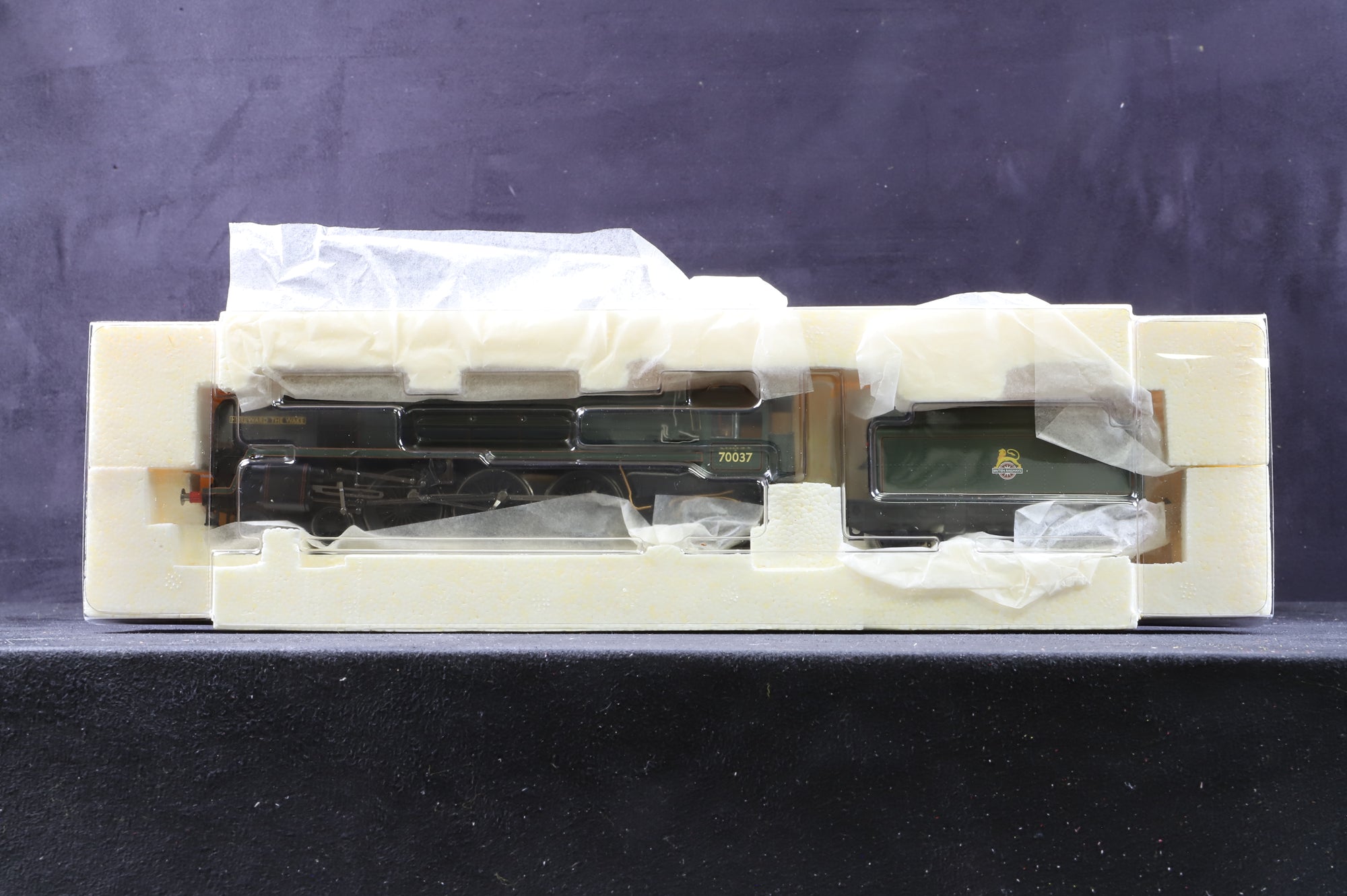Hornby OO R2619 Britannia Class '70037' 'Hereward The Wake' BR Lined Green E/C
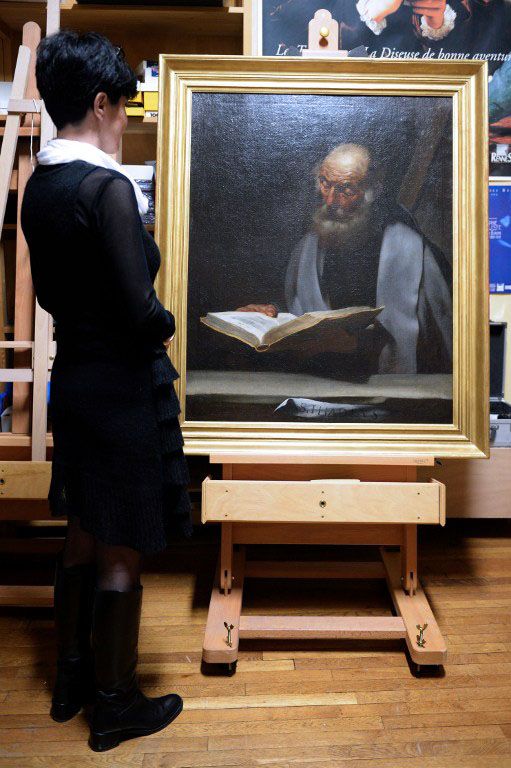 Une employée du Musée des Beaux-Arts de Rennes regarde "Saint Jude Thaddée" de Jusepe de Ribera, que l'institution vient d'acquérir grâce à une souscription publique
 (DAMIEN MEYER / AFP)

* _YOUR INSTRUCTIONS_: Wherever a picture appears in the data, please drop it and retype the rest exactly.

* _REPLY_:
Hornby OO R2619 Britannia Class '70037' 'Hereward The Wake' BR Lined Green E/C
 Une employée du Musée des Beaux-Arts de Rennes regarde "Saint Jude Thaddée" de Jusepe de Ribera, que l'institution vient d'acquérir grâce à une souscription publique
 (DAMIEN MEYER / AFP)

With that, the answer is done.